Greenland

Moira Buffini, Matt Charman, Penelope Skinner and Jack Thorne
RNT Lyttelton Theatre
(2011)

Greenland production photo by Helen Warner

It is very rare for a collaboration between playwrights to prove wholly successful. Almost always, the joins are all too visible and the quality of the final piece variable at best.

On this occasion, the National has commissioned a team of four highly promising younger writers to work together in an ambitious experiment that deserves to pay off.

While Greenland may not be perfect, it is such a powerful work on an important theme that its weaknesses can quickly be forgiven. In this, the excellent direction of an ensemble cast by Bijan Sheibani is a big help.

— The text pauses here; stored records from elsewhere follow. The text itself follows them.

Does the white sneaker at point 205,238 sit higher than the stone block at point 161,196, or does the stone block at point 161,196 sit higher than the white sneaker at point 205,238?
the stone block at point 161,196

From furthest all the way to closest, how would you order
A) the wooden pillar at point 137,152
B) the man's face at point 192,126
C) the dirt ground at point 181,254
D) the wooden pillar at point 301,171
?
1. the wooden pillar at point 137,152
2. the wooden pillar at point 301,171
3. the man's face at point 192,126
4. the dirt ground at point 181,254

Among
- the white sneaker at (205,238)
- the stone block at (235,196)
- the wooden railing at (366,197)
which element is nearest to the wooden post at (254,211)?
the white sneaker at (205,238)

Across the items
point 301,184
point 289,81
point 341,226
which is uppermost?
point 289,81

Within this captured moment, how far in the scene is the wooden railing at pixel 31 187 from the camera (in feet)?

So too is an imaginative design concept from recent Critics' Circle award winner Bunny Christie. This always complements the drama's themes and presents moment of rare beauty and visual comedy with the assistance of videos created by Finn Ross.

In particular, a rampant polar bear is so lifelike that anyone in Row A would have been justified in fleeing, while a simple but highly effective coup de théâtre brings down the final curtain in fine style.

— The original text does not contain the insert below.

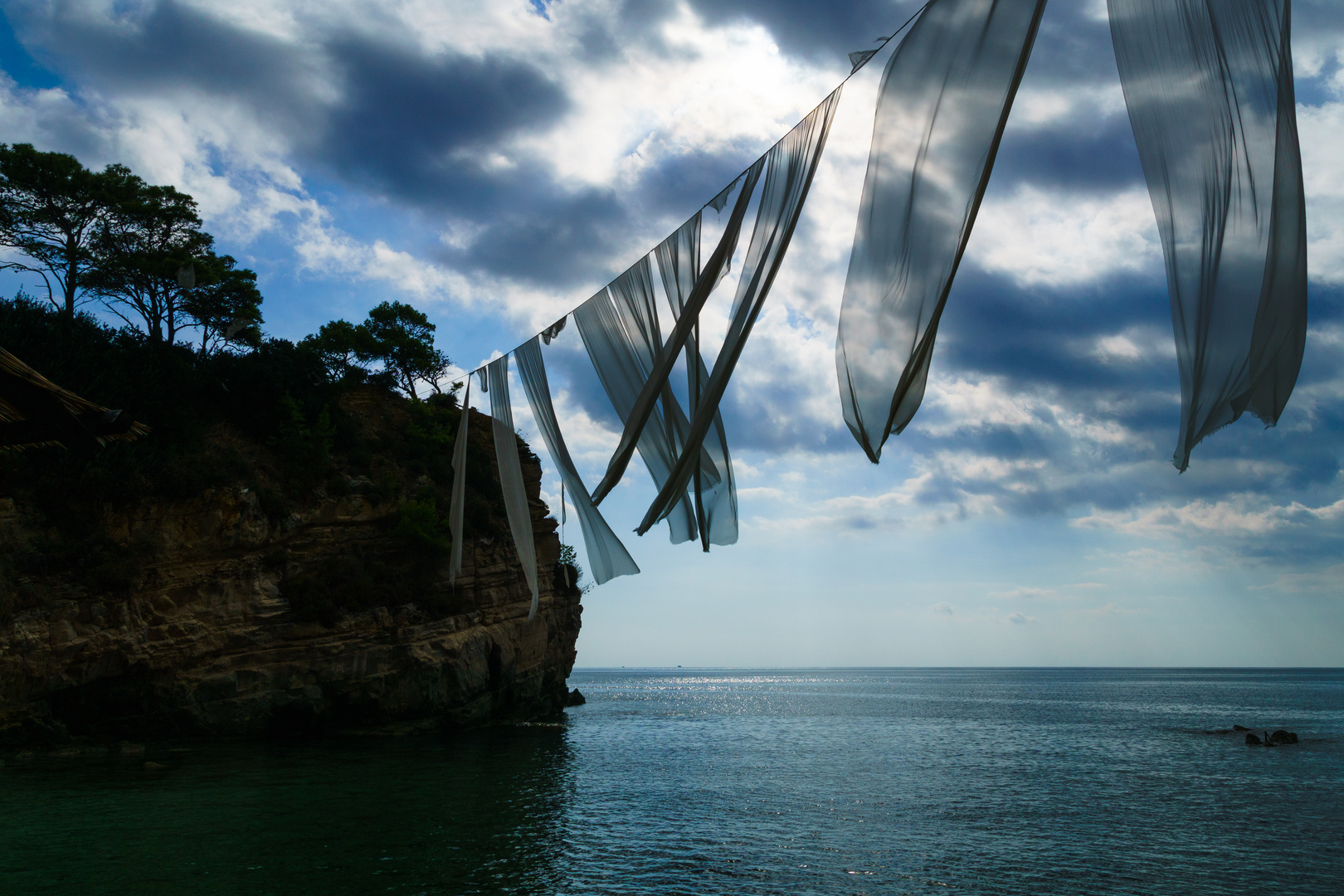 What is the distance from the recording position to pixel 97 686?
2066 cm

Greenland is a play about our selfish behaviour that could lead to the end of the human race by the end of the century, if the computer model designed by Dan, a scientist played by Peter McDonald, is correct.

He presents his theories on global warming to Lyndsey Marshal's Phoebe, an Ed-ette who spends her life trailing round in the slipstream of the younger Miliband providing breathless advice. This couple, who get together (in every sense) at a climate change conference in Copenhagen, provide the main strand that supports a wide-ranging but sometimes rambling investigation into the impact of climate change on the planet but also a selection of individuals.

Their polar opposite might be Harry, an ageing explorer played by Michael Gould, who is witnessing the disappearance of species in the frozen wastes of northern Alaska. His disillusionment contrasts with flashbacks to Sam Swann as his younger self attempting to talk his way from a Walthamstow Grammar School into Cambridge in the late 1960s.

A third angle on this tropical but chilling theme is presented by Isabella Laughland's well-meaning Lisa. Much to her parents' displeasure, she drops out of teacher training college to team up with her Welsh boyfriend Daff in a series of hare-brained attempts to bring down the establishment, before moving on to better quality espionage with Greenpeace.

While each of these groupings sheds light on the subject, a lesbian pairing who do little but whinge about each other and, in passing, the environment and a young man on Deal or No Deal each offer little to the story.

Despite the weaknesses of a script that has not entirely blended into a single unit, Greenland is a meaningful piece of political theatre that makes numerous telling points and in doing so manages to shock and amuse in roughly equal measure.